Microsoft Requires Paid Parental Leave for Subcontractors
(Bloomberg) -- Companies that want to staff Microsoft’s cafeterias, entrance desks and other positions will have to offer those workers three months of paid parental leave, the software giant said Thursday.
To qualify for contracts, companies will have to provide at least 12 weeks of paid time off, up to $1,000 a week, at the birth or adoption of a new child. The policy will apply to companies with 50 or more workers who perform “substantial” work for Microsoft. The requirement will be phased in over the next 12 months and is expected to impact thousands of workers.
“Companies like us are in a unique position to create positive impact within our broader ecosystem,” said Microsoft General Counsel Dev Stahlkopf. “We'd like to focus our resources on companies that share our values.”
Only 13 percent of private-sector workers in the U.S. get paid parental leave. As Microsoft improves its own benefits, the company has also been trying to raise the standards for its subcontractors.
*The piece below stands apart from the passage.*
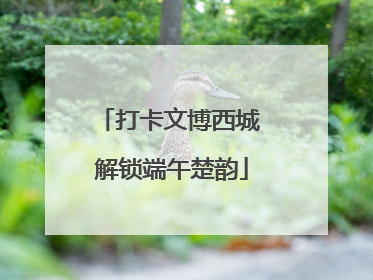 打卡文博西城 解锁端午楚韵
In 2014, some of those workers unionized and began pressuring Microsoft to make their employer provide paid leave and other benefits.
The following year, Microsoft announced it would require staffing firms to grant workers at least 15 days of paid time off. (Facebook has a similar policy.) The latest move makes Microsoft the first company to require their vendors to provide parental leave, according to Family Values @ Work, an advocacy group that promotes paid leave.
“Until recently most companies didn’t think much about the treatment of the employees by vendors or companies they subcontract with,” said Ellen Bravo, co-executive director of the group. “That’s a problem, particularly when a company subcontracts vital parts of their work.”
Bravo also encouraged Microsoft and other companies that see themselves as leaders on this issue to lobby for government policy changes that provide these benefits more widely. She also noted that only a quarter of employee leaves are taken for a new baby, which suggests companies should also consider benefits for family leave and other sick time. Microsoft’s Stahlkopf said the company may look at that in the future.